Warning: each index slightly slows down write operations -- do not create too many.

SurrealDB: A Next-Generation Database

SurrealDB is a modern database that combines SQL, NoSQL, and graph capabilities in a single system. It supports tables, documents, graph relations, and real-time queries.
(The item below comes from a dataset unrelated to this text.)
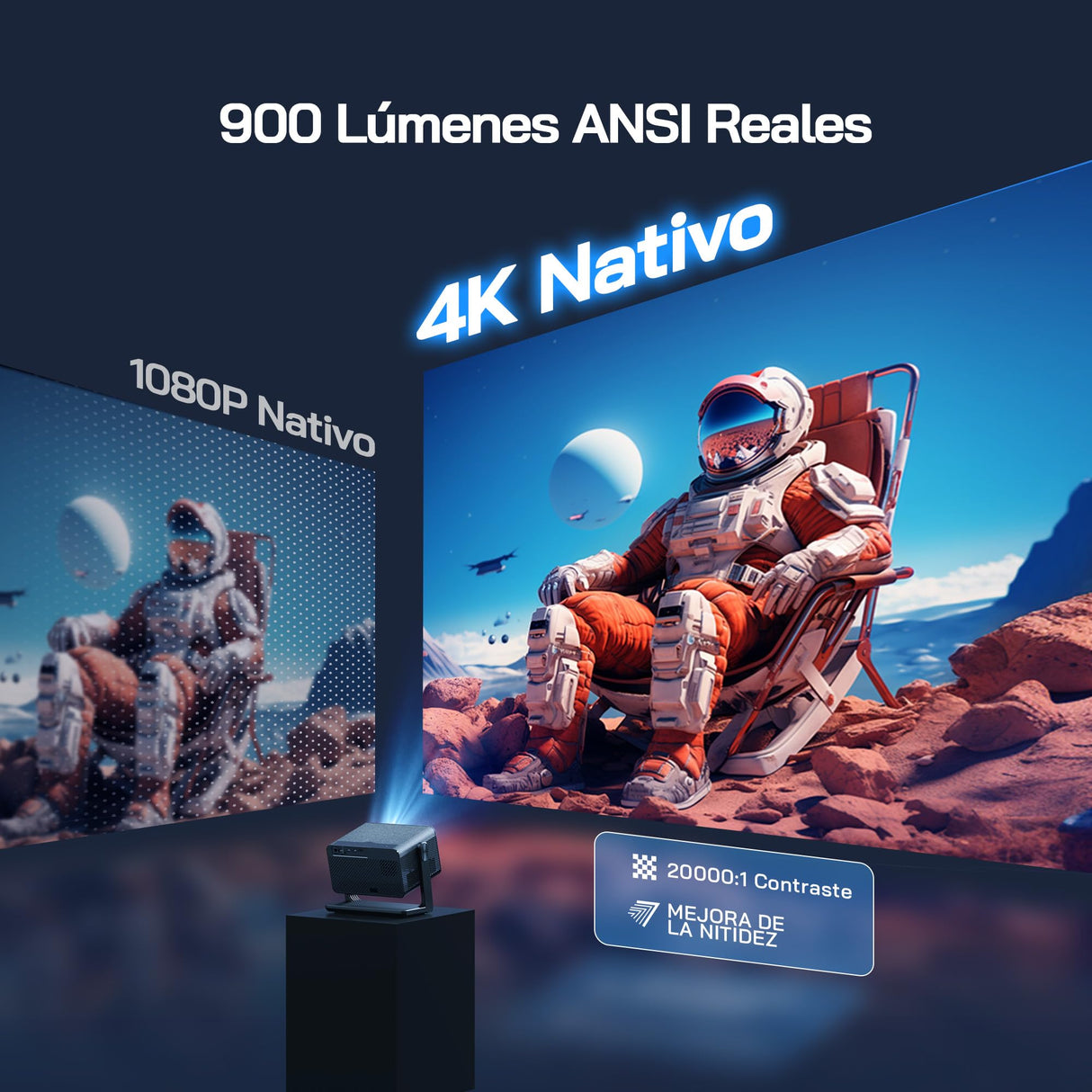 WOLFANG 28000 Lúmenes Proyector Portátil 【Netflix Oficial & Autofocus/Keystone】, Mini Proyector 4K con Bluetooth 5.2 y WiFi 6, Proyector Inteligente con Soporte de 180° para Pantalla de 300"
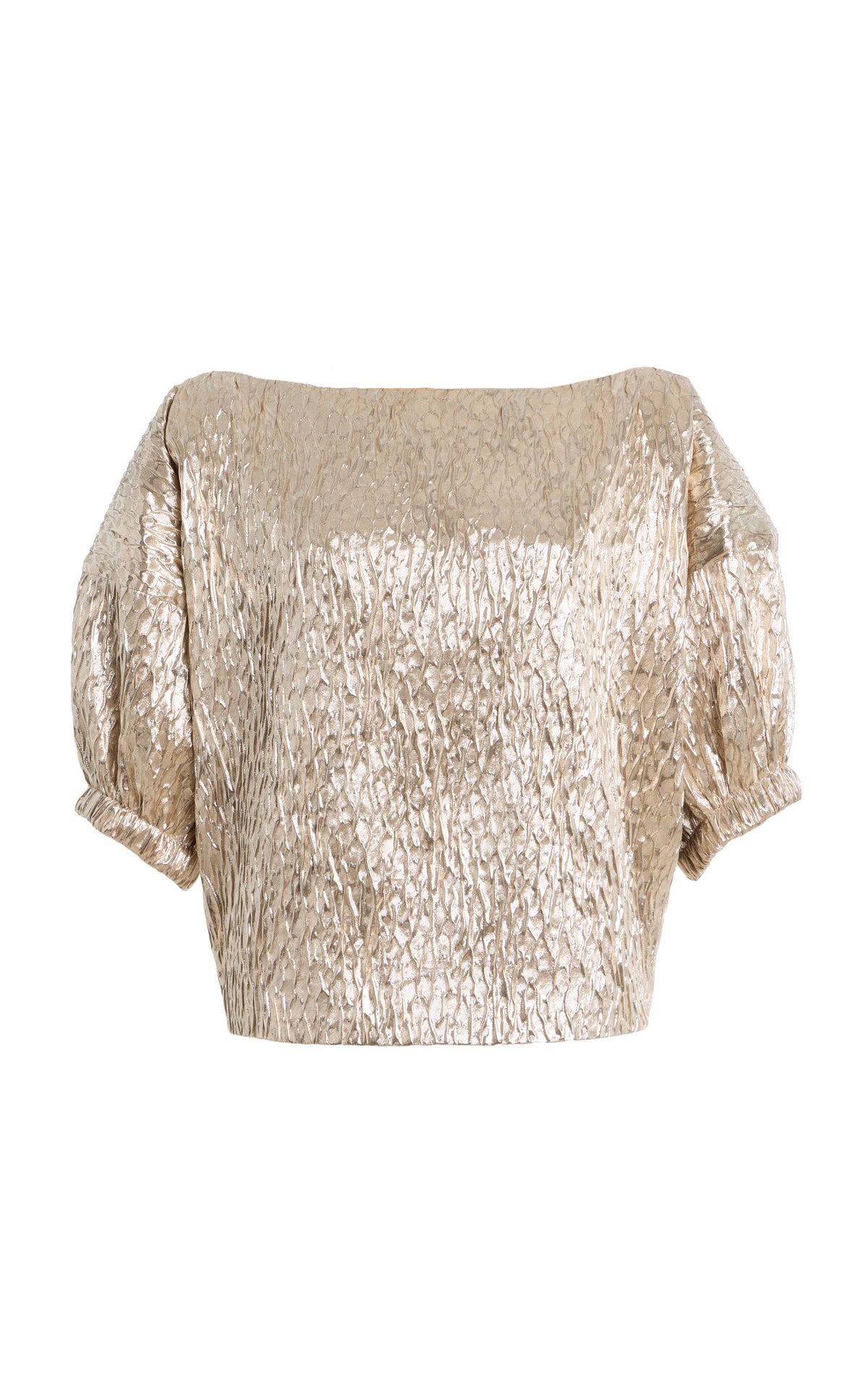Gold crinkled silk top with puff sleeves and straight neckline, Rachel Comey Filly Top, shimmering finish.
-- SurrealQL: define a table with constraints
DEFINE TABLE machine SCHEMAFULL;
DEFINE FIELD name ON machine TYPE string;
DEFINE FIELD machine_type ON machine TYPE string;
DEFINE FIELD location ON machine TYPE string;
DEFINE FIELD max_temp ON machine TYPE float DEFAULT 85.0;
DEFINE FIELD installed ON machine TYPE datetime;

-- Create a record
CREATE machine SET
    name = 'CNC-01',
    machine_type = 'Lathe',
    location = 'Hall 3',
    max_temp = 90.0,
    installed = '2023-06-15T00:00:00Z';

-- Graph relations: machine is located in a department
RELATE machine:cnc01 -> located_in -> department:machining;

-- Query with relations
SELECT name, ->located_in->department.name AS dept
FROM machine
WHERE max_temp > 85.0;

SurrealDB advantages for industry:

Multi-model: relational + document + graph in one system
Real-time: live subscriptions to data changes (Live Queries)
Permissions: fine-grained access control at the field level
Embedded + Server: runs embedded in your application or as a standalone server

Designing a Factory Database: Practical Example

-- Machines
CREATE TABLE machines (
    id SERIAL PRIMARY KEY,
    name VARCHAR(50) UNIQUE,
    type VARCHAR(30),
    department VARCHAR(30),
    max_temp REAL,
    max_vibration REAL,
    status VARCHAR(20) DEFAULT 'active'
);

-- Sensor readings (partitioned by month for performance)
CREATE TABLE readings_2024_03 (
    machine_id INTEGER REFERENCES machines(id),
    ts TIMESTAMP NOT NULL,
    temp REAL,
    vibration REAL,
    pressure REAL
);
CREATE INDEX idx_readings_machine_ts
ON readings_2024_03 (machine_id, ts);

-- Alarm log
CREATE TABLE alarms (
    id SERIAL PRIMARY KEY,
    machine_id INTEGER REFERENCES machines(id),
    triggered_at TIMESTAMP DEFAULT NOW(),
    severity VARCHAR(10),  -- low, medium, high, critical
    parameter VARCHAR(20), -- temperature, vibration, pressure
    value REAL,
    threshold REAL,
    acknowledged BOOLEAN DEFAULT FALSE,
    acknowledged_by VARCHAR(50)
);

-- Query: weekly alarm summary per machine
SELECT
    m.name,
    COUNT(*) AS total_alarms,
    COUNT(*) FILTER (WHERE a.severity = 'critical') AS critical,
    MAX(a.value) AS worst_reading
FROM alarms a
JOIN machines m ON a.machine_id = m.id
WHERE a.triggered_at > NOW() - INTERVAL '7 days'
GROUP BY m.name
ORDER BY critical DESC, total_alarms DESC;

How to Choose the Right Database

Question	Answer	Choice
Is your data structured and relational?	Yes	SQL (PostgreSQL)
Is your data flexible and varied?	Yes	NoSQL (MongoDB)
Is your data sensor readings with timestamps?	Yes	Time-Series (InfluxDB)
Do you need everything in one system?	Yes	SurrealDB
Do you need ultra-fast temporary caching?	Yes	Redis (Key-Value)

In practice, most smart factories use more than one type -- a relational database for managing machines and orders, and a time-series database for sensor data. The key is to choose based on the nature of your data, not on what is popular.